Polly thought “marriage would be an end, a container. But it wasn’t a house I stepped into, it was only a gate I passed through” (p. 20). What does Polly mean by this? What were her expectations of marriage and motherhood? In what ways did her expectations fail her? In what ways did she, herself, fail?
Discuss the marriages in the book: Elena and Roger; Caitlin and Herbert; Dan and Chloe; and Russ and Melanie. Are all these relationships dysfunctional? Does Polly ever see a happy marriage? How do these relationships impact her own life and her own views on love?
When Polly is first tempted to kiss Steven, she thinks, “I remind myself that I have to be careful, that I need to protect Steven as much as myself” (p.47). Why does Polly need to be careful? In the end, is she careful? In what ways does she lead a careless life? In what ways does she try to protect herself and those she loves? Is she successful?
How does Polly view Chloe and Elena as mothers? How does she see her own mother? Do the other mothers whom she comes in contact with make her want to be a mother, or do they make her question her own abilities to be a good mother? Discuss the role of motherhood in this novel. How do the mothers in this novel help or hinder their children?
Polly ran away from her husband and small child. In what ways has she grown since then? In what ways is her life still out of control? Do you think her family creates more problems in her life, or do you think they want the best for her? In what ways do the Birdswells sabotage each other’s happiness? Why do you think this is?
Why does Polly go to see Wally? Do you think she really intends to sue for custody of Monroe? Why or why not? What leads her to sleep with Wally? What other dangerous behaviors does Polly engage in throughout the novel?
Why does Polly begin drinking again? What is she trying to escape from? Do you think Polly is responsible enough to be a full-time parent to Monroe when her sobriety is so tenuous?
When Polly needs to get sober, she goes to Bride Island. Why? What does the island represent to her? In what ways does she find solace and comfort there? In what ways is returning to the island a masochistic act?
How does death affect the Birdswell family? How does Herbert’s death affect them? Roger’s death? The deaths of their childhood? Why do they continue to be haunted by the ghosts of their past? In what ways does each of these deaths change them?

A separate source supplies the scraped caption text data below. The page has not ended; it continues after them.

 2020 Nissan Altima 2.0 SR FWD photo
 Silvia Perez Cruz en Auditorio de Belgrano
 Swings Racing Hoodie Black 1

Discuss each of the Birdswell siblings. How do they grow throughout the novel? Do you think their relationships with one another improve? What factors contribute to this? How does life pull them apart and bring them together?

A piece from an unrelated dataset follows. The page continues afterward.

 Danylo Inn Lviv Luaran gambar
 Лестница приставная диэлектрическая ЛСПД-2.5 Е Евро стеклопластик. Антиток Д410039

What do you think of Polly’s relationship with Colin? What was their relationship like when he was alive? Has it changed since he died? Do you think it’s possible that Colin let himself drown? Why or why not? In what ways does Colin’s death—and life—influence Polly’s life? Do you think she will ever let Colin go?
In what ways is Russ a destructive force in the Birdswell family? What do you think motivates him? How do his decisions affect them all? Caitlin tells Polly that she gave Russ the island because he needed it more than Polly. Do you think that’s true? How are Polly’s needs different from Russ’s in respect to the island? Who do you think stands to gain more from its ownership?
How does Roger’s death serve as a reality-check for the entire Birdswell family? Do you think he committed suicide? Why?
Why do you think Dan agrees to go on the river trip with Polly? Discuss the river trip. What changes for both Polly and Dan during the trip? What do they learn about each other?
The portions of the novel that take place on Bride Island are written in present tense, while the rest of the novel is written in past tense. Why do you think that is? What is the effect of this device? In what way is Polly’s present life on the island?
How is Polly ultimately redeemed at the end of the novel? Were you satisfied with the arrangement she and Dan made in regards to Monroe’s visits? Do you think Polly is satisfied? Why or why not?